No processo “ab initio”, segundo a imprensa, o show foi complementado com caravana ruidosa no centro do Funchal. As televisões agradecem o aparato circense e nunca falham à chamada. Uns precisam dos outros. A turba de espetadores delira com a desgraça alheia. Imagine-se o que deve sentir um cidadão seguro da sua inocência, também há casos desses, ao ter de esconder a cara para não ser reconhecido enquanto sofre tamanho rebaixamento. Digamos ainda que mesmo os julgados criminosos têm direito à sua dignidade.

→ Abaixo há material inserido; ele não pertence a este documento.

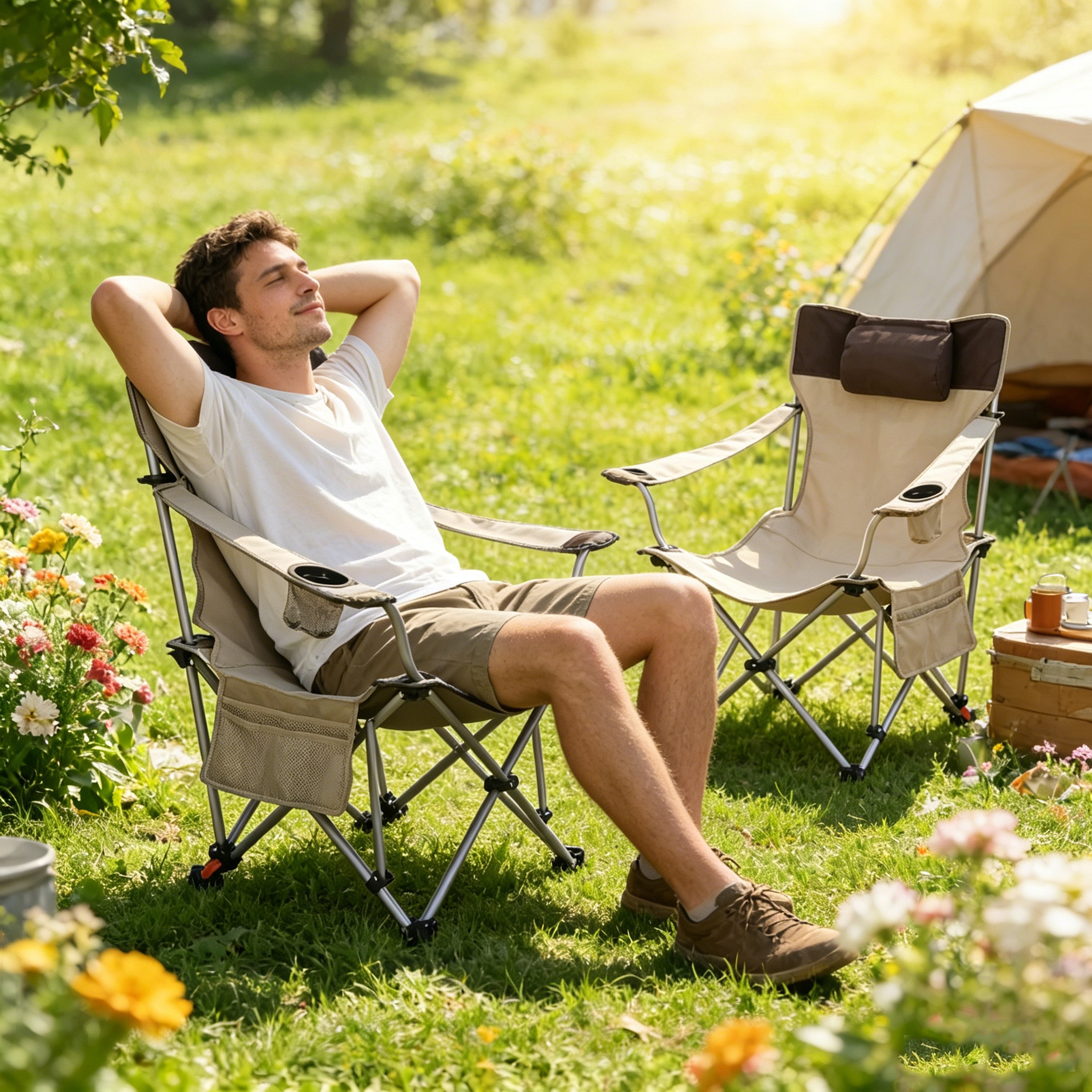 2PCS Outdoor Camping Chairs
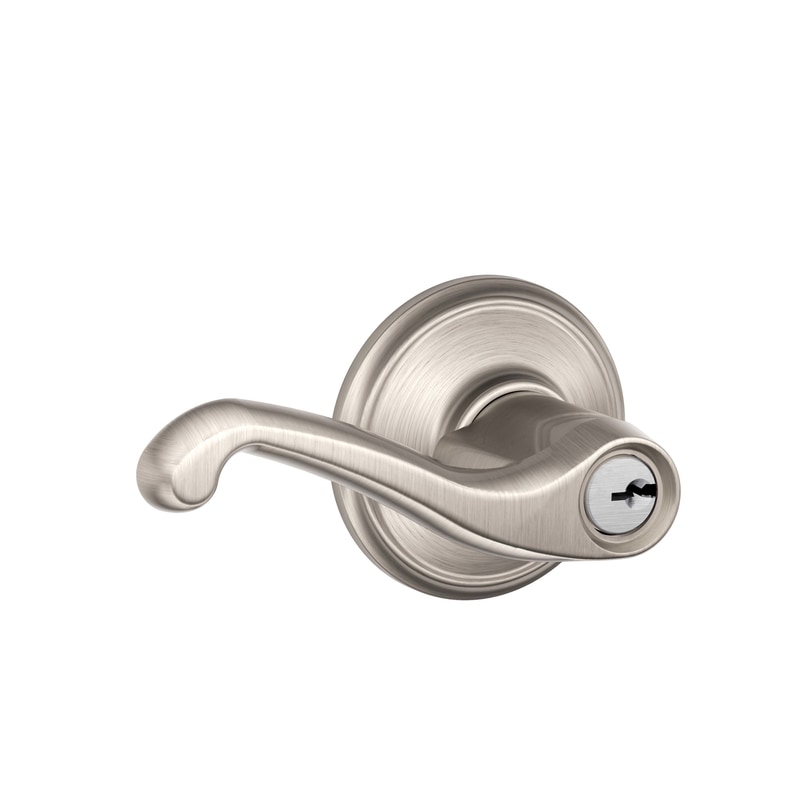 ENTRY LEVER SATIN NICKEL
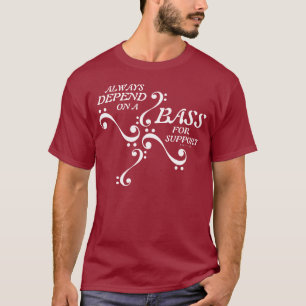 Basse de T-shirt de choeur pour l'appui 12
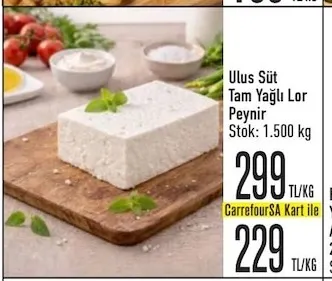 Ulus Süt Tam Yağlı Lor Peynir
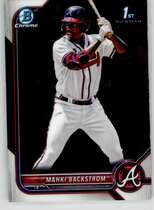 2022 Bowman Chrome Prospects #BCP-121 Mahki Backstrom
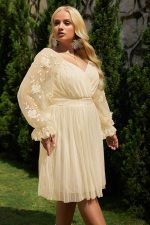 Robe Champêtre Courte Grande Taille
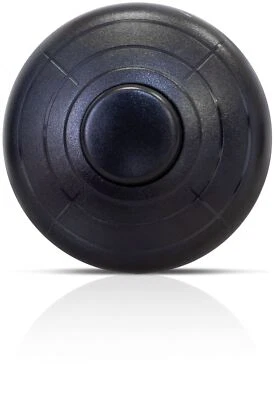 Round Inline Lamp Foot Switch Power Pedal Light Floor On Off Push Button Black - Image 1 of 4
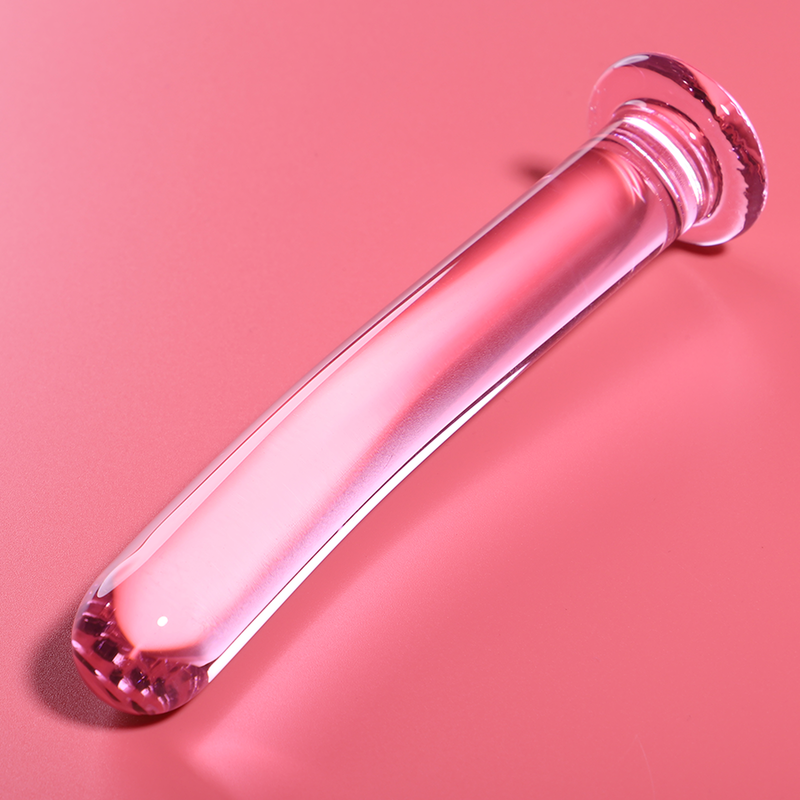NEBULA SERIES BY IBIZA - MODELL 8 DILDO BOROSILIKATGLAS ROSA 14.5 CM -O- 2 CM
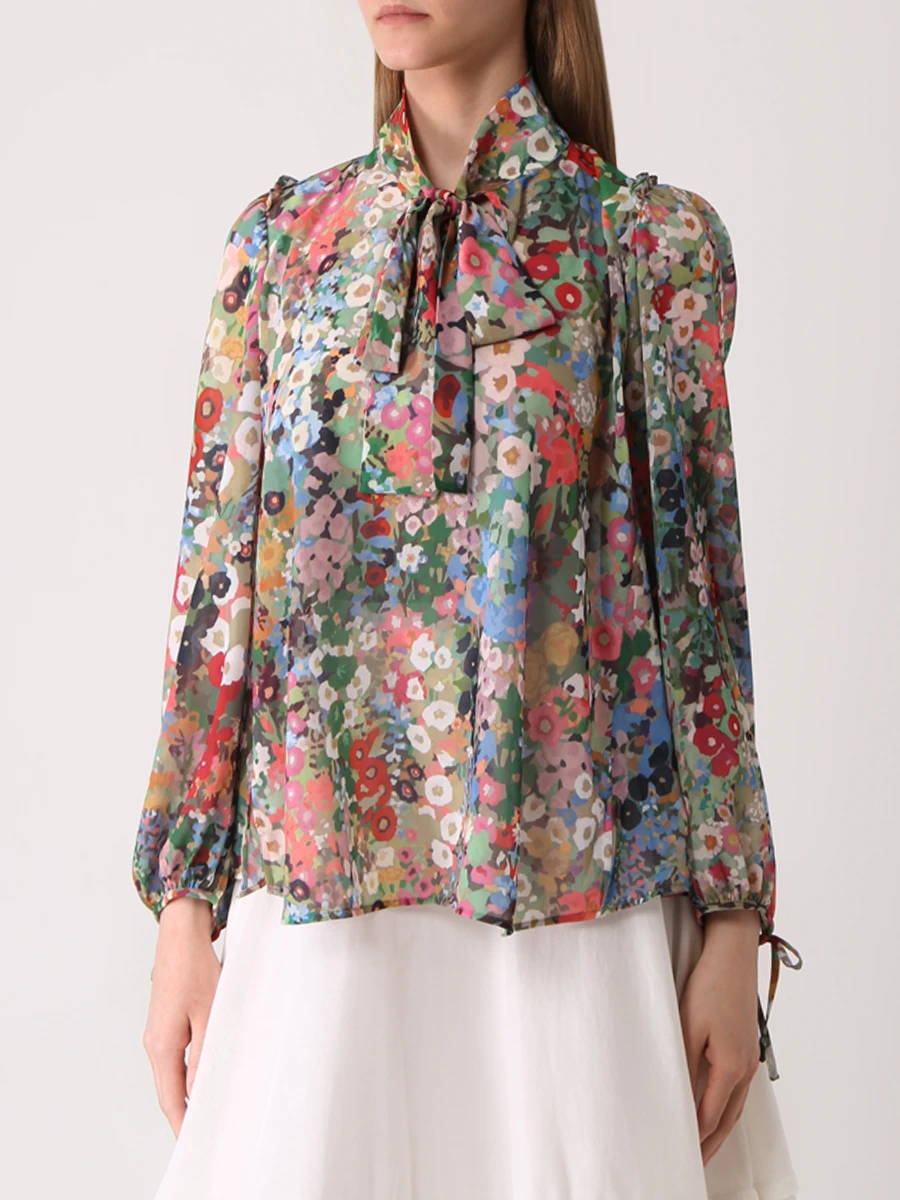 Блуза с принтом HIGH S50200 00073, размер 44, цвет мультиколор - фото 4
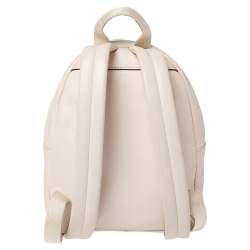 Coach White Leather Mini Charlie Backpack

Mas então, se os visados forem figuras públicas, sobretudo políticos ou tidos como poderosos deste mundo, a festa dura horas e dias a fio. Sem querer ilibar quem quer que seja ou tentar minimizar as acusações ou suspeitas a que estão submetidos, será legítimo questionar porque é que tudo se passa desta maneira. Se não há outra forma possível de atuação das entidades envolvidas. Se há mesmo necessidade desta exibição pública ainda antes dos cidadãos, presumidamente inocentes, perante a lei, serem presentes a um juiz para poderem se defender.

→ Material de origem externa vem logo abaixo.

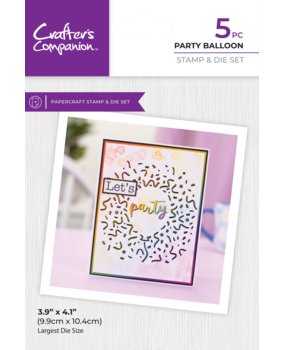 Crafter's Companion Confetti Cut In Dies Stamp & Die Party Balloon (CC-STD-PABA) (DISCONTINUED)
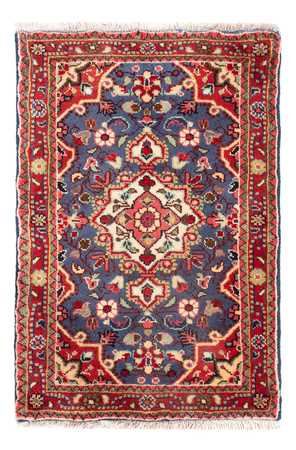 Tapis persan - Nomadic - 80 x 50 cm - bleu foncé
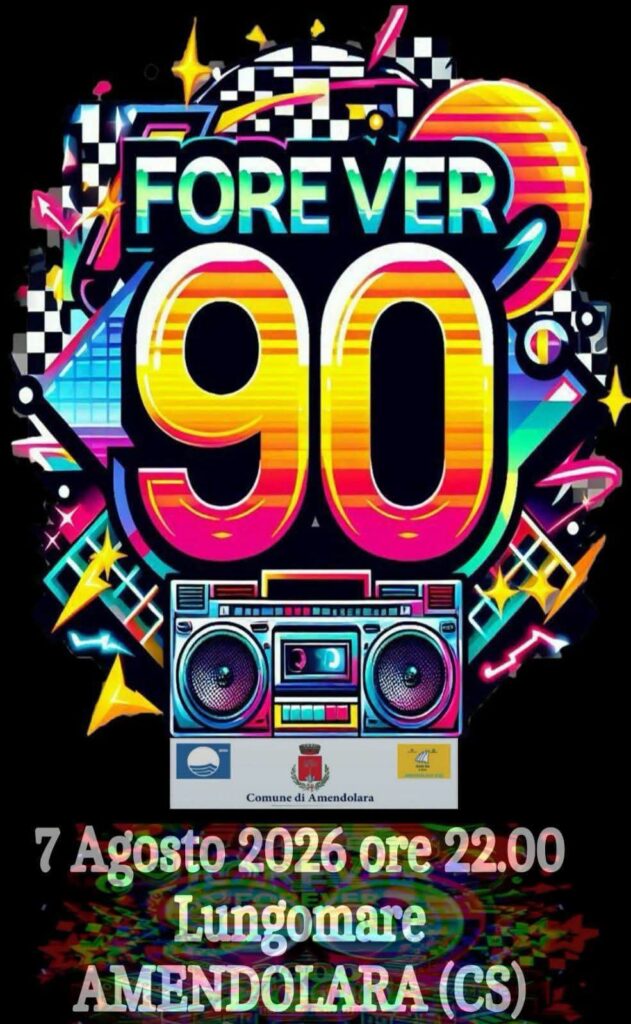 locandina evento forever 90 ad amendolea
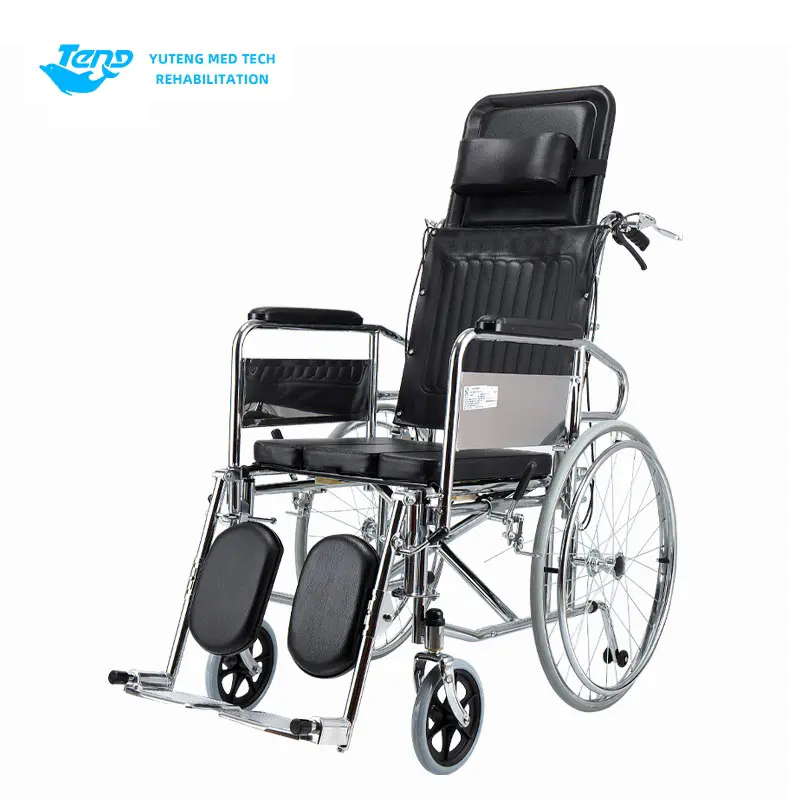 High-Back Steel Reclining Wheelchair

Há muito que se fala dos tiques autoritários dos procuradores do Ministério Público. Tido como um poder em roda livre, dentro do aparelho do Estado. Um poder com manifestações de “parti pris” contra os titulares de cargos públicos. Embora reconhecendo o papel fundamental destes magistrados no combate a todo o tipo de criminalidade, não podemos ficar indiferentes aos recorrentes casos de montanhas mediáticas que depois se reduzem a ratinhos processuais. E, nem a crescente contestação pública, com vozes dos mais altos quadrantes políticos e sociais, onde se destaca Rui Rio na sua cruzada contra o que denomina de comportamento abusivo do Ministério Público, demove os procuradores de continuarem no mesmo “modus faciendi” de, segundo os críticos, ajudarem a promover o julgamento público e condenação mediática ainda antes de qualquer decisão judicial.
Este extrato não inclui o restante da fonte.